December 29
This morning we got out in time to visit St.
Louis Cemetery No. 1. According to signs, it’s much smaller than it used to be.
Part of it used to be where Rampart Street is now. The remains were moved to
other cemeteries.
New Orleans cemeteries are fascinating. They
consist not of graves but of above-ground mausoleums. It’s partly for reasons
of space, but also because conventionally buried bones can float up to the
surface. It puts me in mind of the cat fight scene in “Tom Jones.”
Anyhow, the reason to go to St. Louis No. 1,
besides it crumbling visual appeal, is the tomb of Marie Laveau. According to a
plaque on the wall she was a “notorious voodoo queen.”
Of course, we couldn’t find it by ourselves.
There was one tomb that had been vandalized, so there were no names on it.

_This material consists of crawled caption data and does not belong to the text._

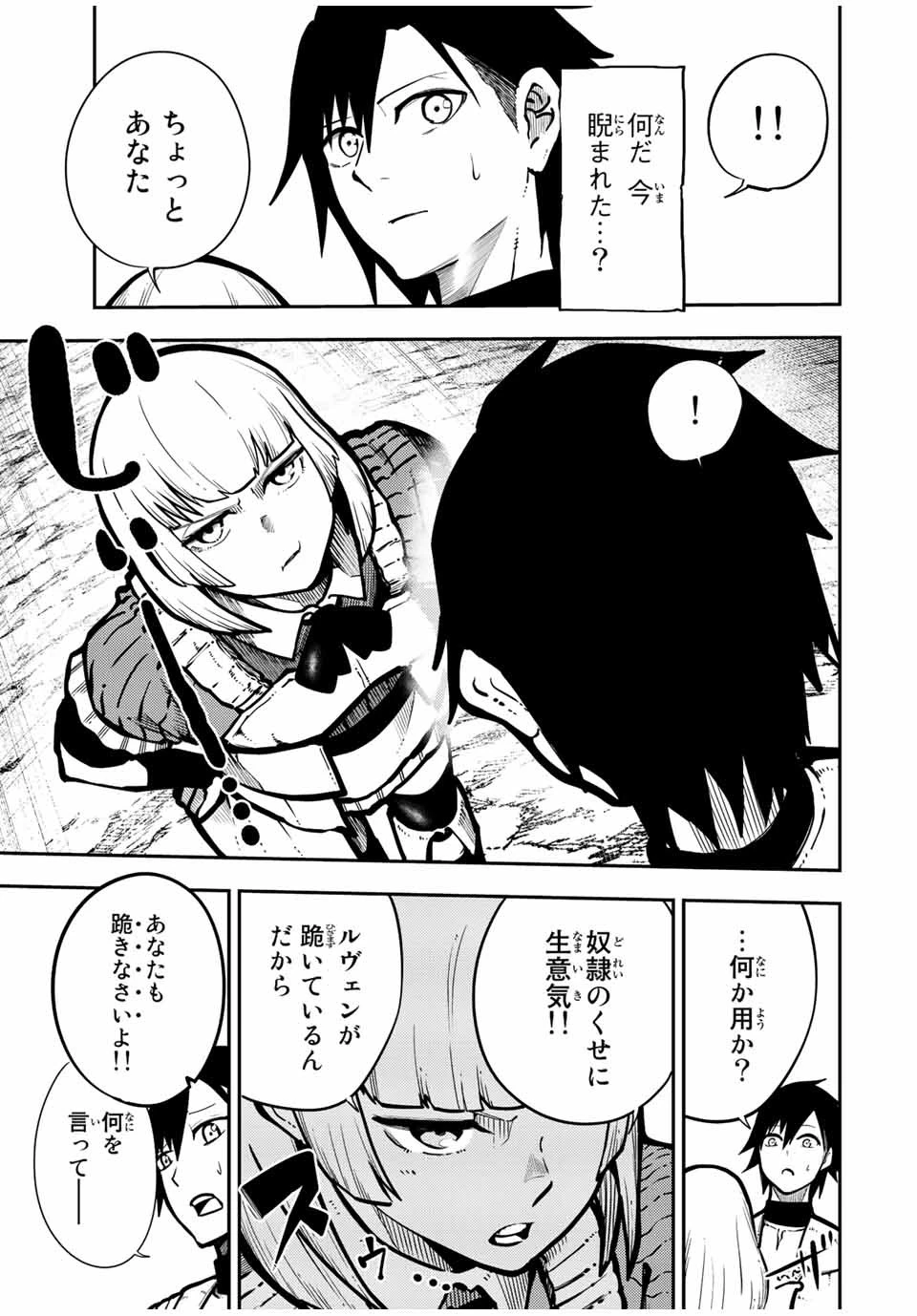 奴隷転生～その奴隷、最強の元王子につき～ 第86話 - 17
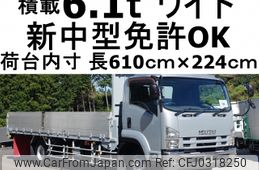 isuzu forward 2013 -ISUZU--Forward SKG-FSR90S2--FSR90-7002777---ISUZU--Forward SKG-FSR90S2--FSR90-7002777-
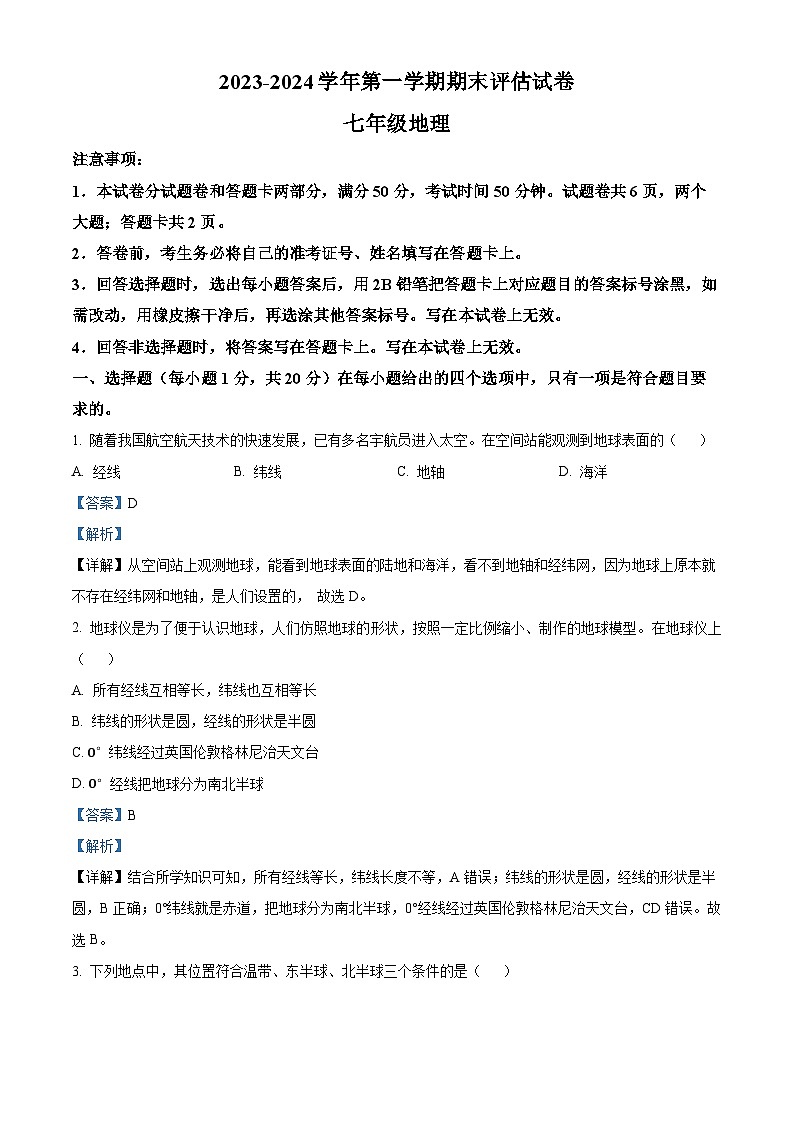 34，河南省平顶山市宝丰县2023-2024学年七年级上学期期末地理试题01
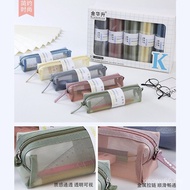 Pencil Bag Bag Multicolor Net Transparent Value Simple Grid Capacity Gauze Stationery College Studen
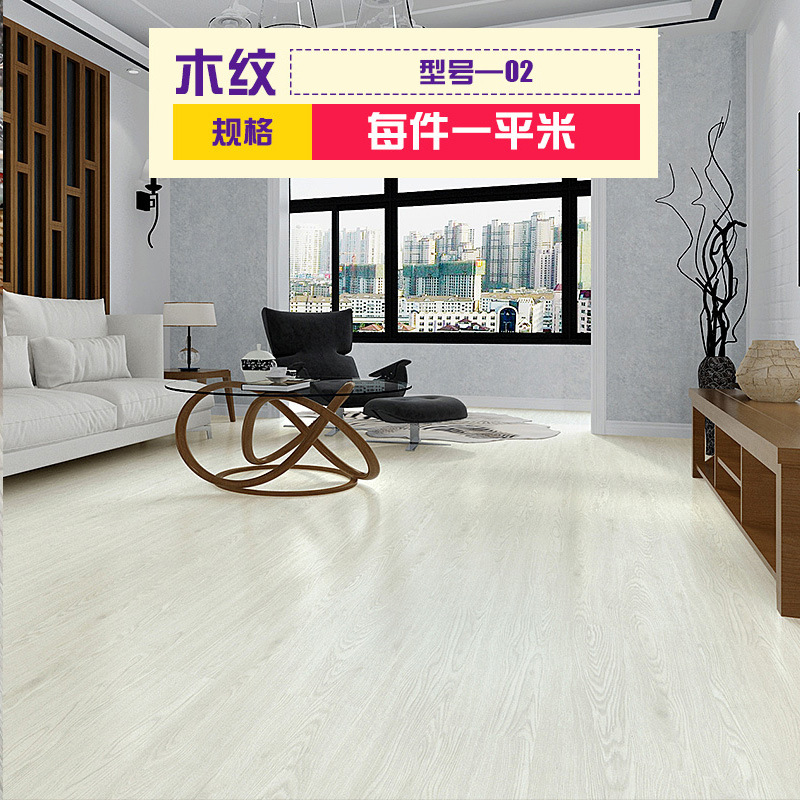 加厚耐磨防水塑胶地板纸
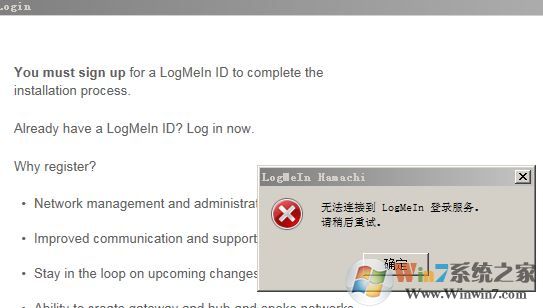 無(wú)法連接logmein登陸服務(wù)該如何解決?
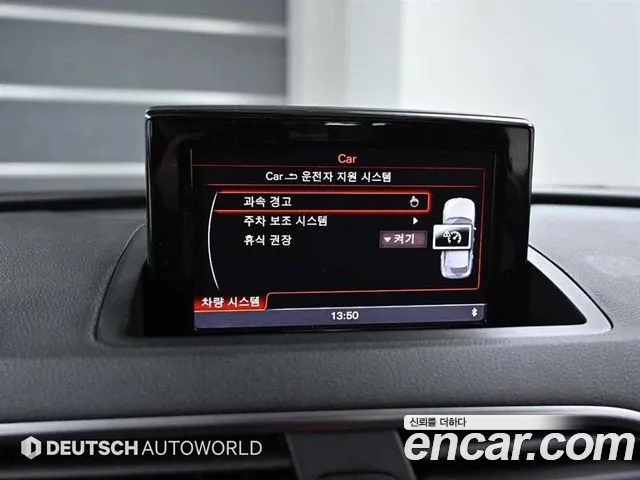 Audi Q3 2015 — фото 17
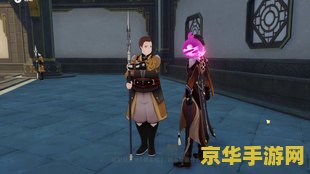 原神哪些npc给原石 原神中哪些NPC给原石？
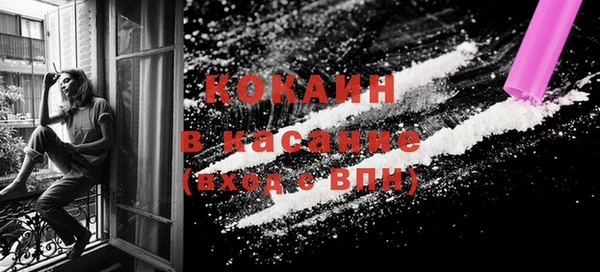кокс Баксан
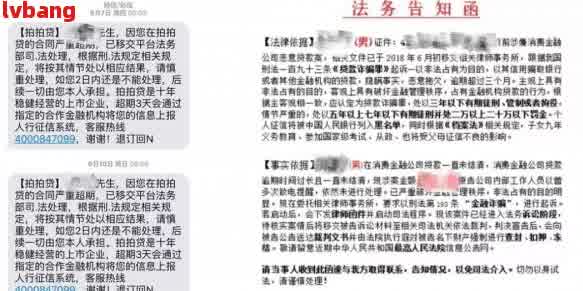 网贷逾期各种短信通知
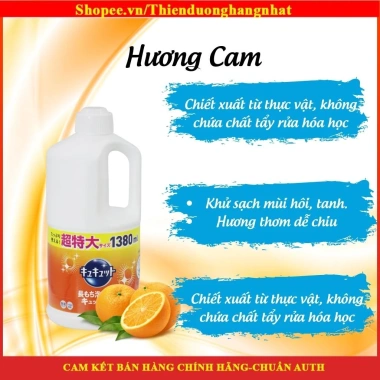 Nước rửa bát Kao 1.250ml an toàn, diệt khuẩn, tẩy sạch bẩn chén đĩa Nhật Bản - giảm còn 153.999₫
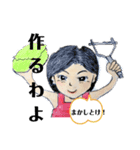家族の日々1（個別スタンプ：2）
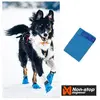 4 chaussettes pour la neige NON-STOP Dogwear Longdistance Booties
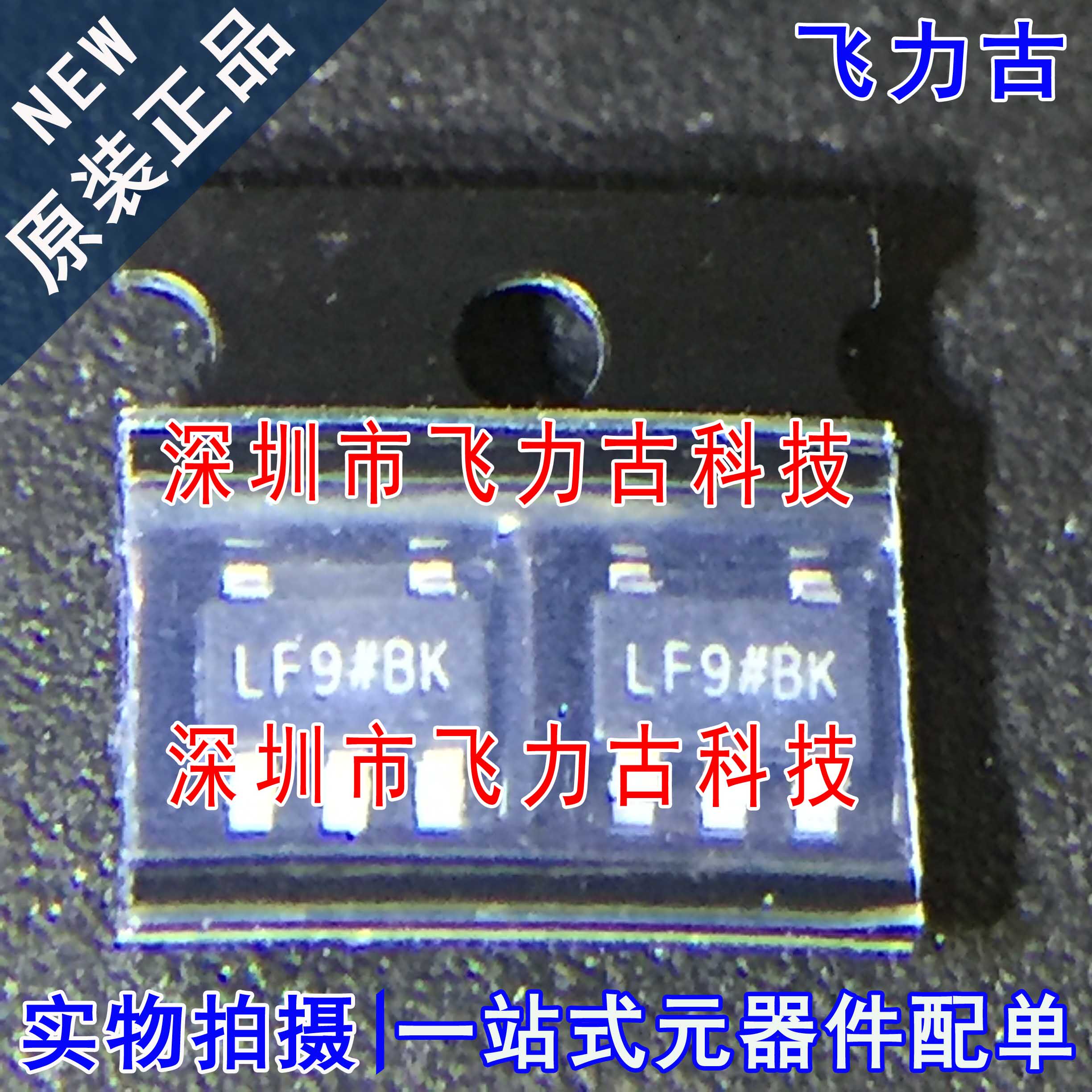 全新 ADP151AUJZ-2.5 ADP151AUJZ ADP151 丝印LF9 SOT23-5 芯片IC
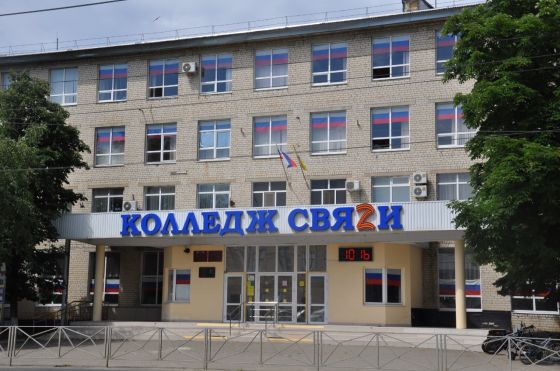 Ставропольский колледж связи имени Героя Советского Союза В. А. Петрова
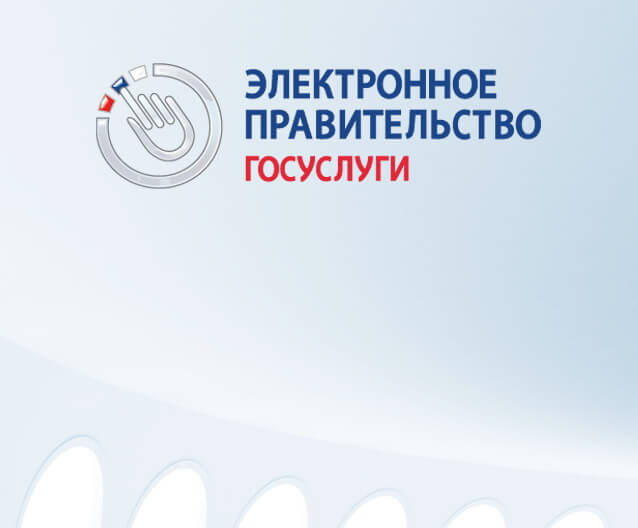 Приложение «Госуслуги» поступило в App Store Приложение «Госуслуги» поступило в App Store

It
was covered in triple x’s, with a variety of offerings (or litter) in front of
it.
A tour came through and the guide said “This
is not the tomb of Marie Laveau,” but the marks are some kind of mystical
symbol.
When he started to lead the group a little
farther along, I stopped him and asked where Marie Laveau was. He said, the big
white tomb near the front.
That narrowed it down quite a bit. There are a
lot of white tombs, but only one had six or eight people with cameras standing
around it.
Turns out, nobody’s sure if she’s there. Who
knows? Maybe nobody’s sure that she ever existed. But why should quibbles
interfere with a good time?
Joanna wouldn’t get into the picture of the
day, although I asked her. She felt a little leery of being photographed next
to the voodoo queen.
The man who does appear in the photo may be a
devotee. I’m not sure. We did have a conversation of sorts.
He came up to the tomb and set that blue bottle
down, the one on the lower left, and then started talking to the tomb. Then he
seemed to be talking to the air. I couldn’t make out anything he said, but
could see his lips move. Then he was talking directly to me.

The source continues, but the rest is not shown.